11. Par ces motifs, les juges d'appel ont donné à connaître que l'alternative légitime à l'installation de ce pylône sans disposer à cet effet d'une autorisation légale consiste en sa non-installation et qu'il existe un lien de causalité entre l'installation du pylône et le préjudice subi par le défendeur. Les juges d'appel ont ainsi répondu, en la rejetant, à la défense de la demanderesse selon laquelle le défendeur n'établit aucun lien de causalité entre la faute alléguée et le préjudice.
En tant qu'il reproche aux juges d'appel de ne pas avoir répondu à cette défense, le moyen, en cette branche, manque en fait.
12. Les juges d'appel qui ont donné à connaître que l'alternative légitime à l'illégalité consiste en la non-installation du pylône ont répondu, en la rejetant, à la défense présentée par la demanderesse dans ses « Conclusions de synthèse après l'arrêt interlocutoire du 12 janvier 2017 », selon laquelle il appartient au défendeur de prouver qu'en l'absence de la faute alléguée de la demanderesse, une décision qui lui aurait été plus favorable aurait été prise. Ce faisant, ils n'étaient pas tenus de répondre à chaque argument avancé à l'appui de cette défense, qui ne constituait pas une défense distincte.
Le moyen, qui reproche aux juges d'appel de ne pas avoir répondu à la défense de la demanderesse selon laquelle les illégalités alléguées dans la décision d'attribution du 5 septembre 2006 ne concernent que des illégalités externes, auxquelles il sera remédié dans une nouvelle décision d'attribution, ne peut, dans cette mesure, être accueilli.
13. Il suit de la réponse sub 11, que, dans la mesure où il reproche aux juges d'appel de ne pas avoir constaté qu'il existe un lien de causalité entre la faute alléguée de la demanderesse et le préjudice subi et, en particulier, que l'alternative légitime à l'illégalité constatée consistait en un refus d'autorisation, le moyen manque en fait.
Demande en déclaration d'arrêt commun :
14. Le rejet du pourvoi en cassation prive d'intérêt la demande en déclaration d'arrêt commun.
Par ces motifs,
La Cour
Rejette le pourvoi en cassation et la demande en déclaration d'arrêt commun.
Condamne la demanderesse aux dépens.
Ainsi jugé par la Cour de cassation, première chambre, à Bruxelles, où siégeaient le premier président Beatrijs Deconinck, le président de section Koen Mestdagh, les conseillers Geert Jocqué, Bart Wylleman et Koenraad Moens, et prononcé en audience publique du vingt et un novembre deux mille dix-neuf par le premier président Beatrijs Deconinck, en présence de l'avocat général André Van Ingelgem, avec l'assistance du greffier Vanity Vanden Hende.
Traduction établie sous le contrôle du conseiller Sabine Geubel et transcrite avec l'assistance du greffier Lutgarde Body.


Synthèse
Formation : Chambre 1n - eerste kamer
Numéro d'arrêt : C.18.0613.N
Date de la décision : 21/11/2019
Type d'affaire : Droit constitutionnel - Autres

Analyses

Le fait de déclarer inapplicable, en cours d'instance, un permis pour cause d'illégalité a pour conséquence qu'entre les parties à la cause, ce permis n'est pas pris en considération, de sorte qu'il ne sortit pas ses effets et que le juge ne peut en tenir compte ni en droit, ni en fait (1). (1) Voir les concl. du MP publiées à leur date dans AC.

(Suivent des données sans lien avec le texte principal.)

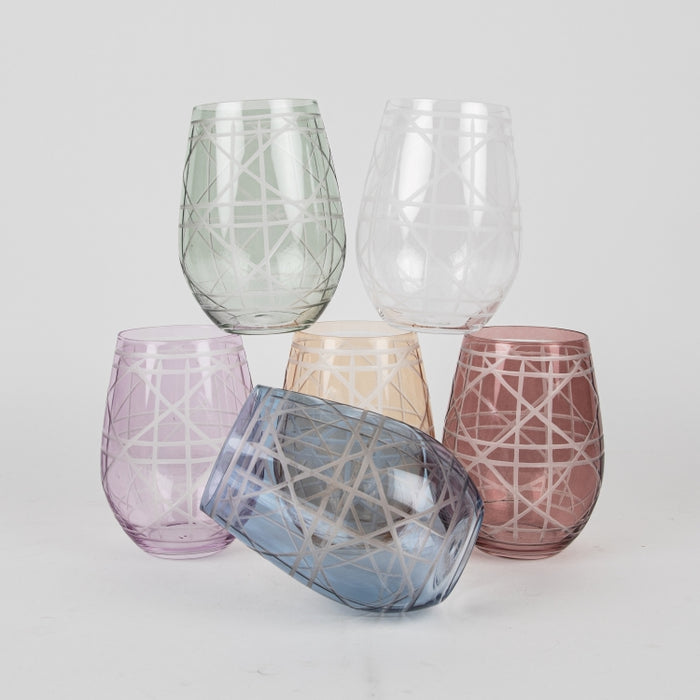 GLASS TUMBLER SET/6PCS PINK (202016435)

CONSTITUTION - CONSTITUTION 1994 (ART. 100 A FIN) - Article 159 - Le fait de déclarer inapplicable un permis pour cause d'illégalité - Conséquence - LOIS. DECRETS. ORDONNANCES. ARRETES - LEGALITE DES ARRETES ET REGLEMENTS [notice1]

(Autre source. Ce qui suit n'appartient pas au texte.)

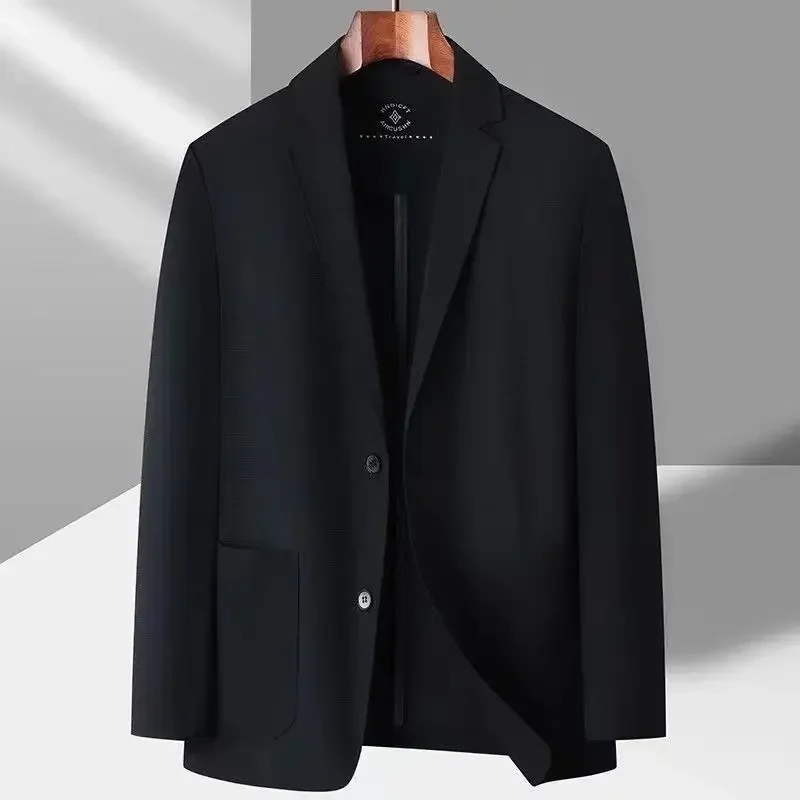 Abrigo de negocios de gran tamaño para hombre, Chaqueta de vestir negra, traje de talla grande, Blazer masculino, ropa de diseñador de lujo, ropa de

Les juges d'appel qui ont constaté que la demanderesse a installé un pylône GSM sans disposer à cet effet d'une autorisation légale ne sont pas tenus, à défaut de conclusions déposées à cette fin, de constater expressément que cette irrégularité est imputable à la demanderesse; il ne résulte pas de la seule circonstance que les juges d'appel ne l'ont pas expressément constaté que cet élément n'a pas été examiné (1). (1) Voir les concl. du MP publiées à leur date dans AC.

MOTIFS DES JUGEMENTS ET ARRETS - PAS DE CONCLUSIONS - Matière civile (y compris les matières commerciale et sociale) - Imputabilité de l'irrégularité constatée - Appréciation par le juge - Conséquence


Références :

[notice1]

Constitution 1994 - 17-02-1994 - Art. 159 - 30 / No pub 1994021048


Composition du Tribunal
Président : DECONINCK BEATRIJS
Greffier : VAN DE SIJPE VANESSA
Ministère public : VAN INGELGEM ANDRE
Assesseurs : WYLLEMAN BART, MOENS KOENRAAD, JOCQUE GEERT, MESTDAGH KOEN

Origine de la décision
Date de l'import : 19/12/2022
Fonds documentaire ?: juportal.be
Identifiant URN:LEX : urn:lex;be;cour.cassation;arret;2019-11-21;c.18.0613.n ?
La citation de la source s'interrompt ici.